> _Aim of the exercise_
Take the lines below from the one with "Tennessee 2013 - #1" through the one with "Memorias And Villa" and retype them exactly. Include nothing else, and no pictures.

> _Information_

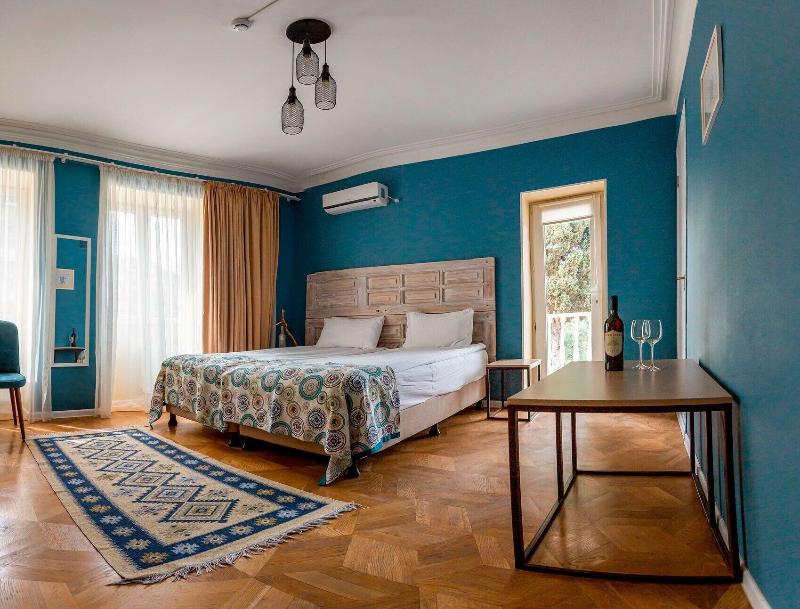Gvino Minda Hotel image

==

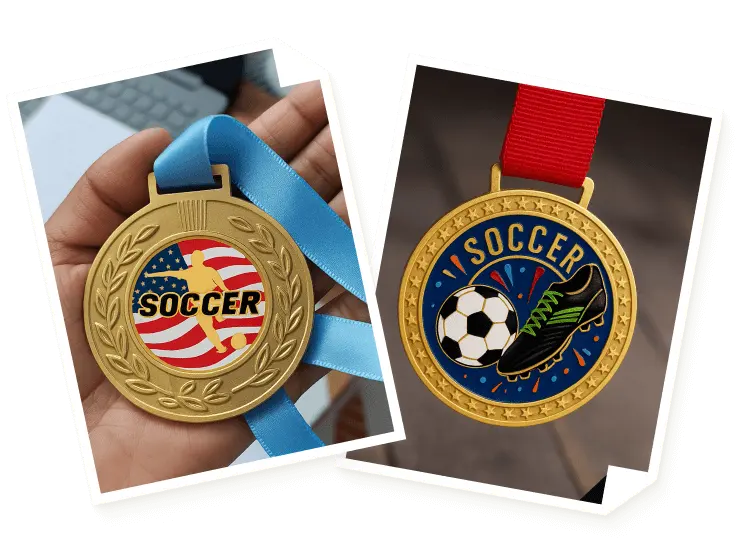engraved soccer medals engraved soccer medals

---

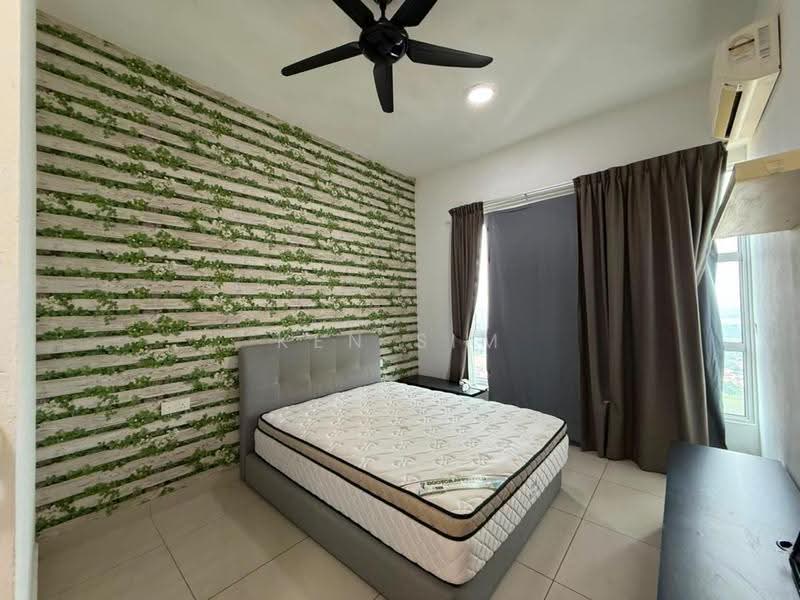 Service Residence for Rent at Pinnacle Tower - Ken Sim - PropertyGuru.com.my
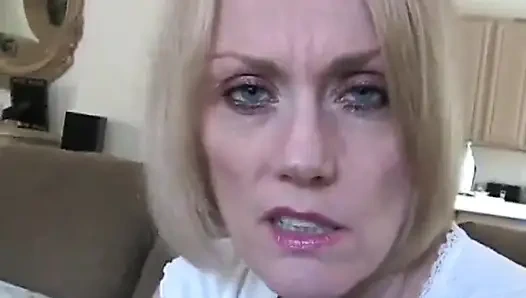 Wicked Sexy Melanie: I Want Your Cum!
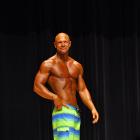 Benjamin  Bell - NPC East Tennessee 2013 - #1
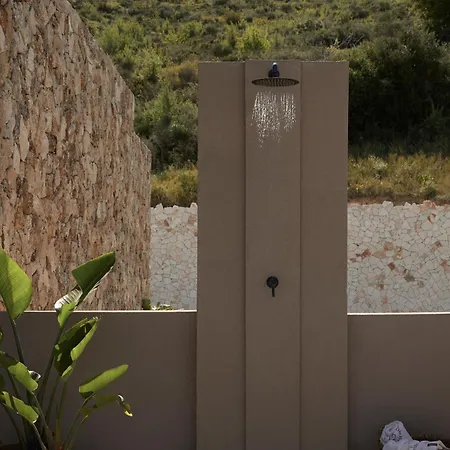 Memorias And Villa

> _Your response_
 Benjamin  Bell - NPC East Tennessee 2013 - #1
 Memorias And Villa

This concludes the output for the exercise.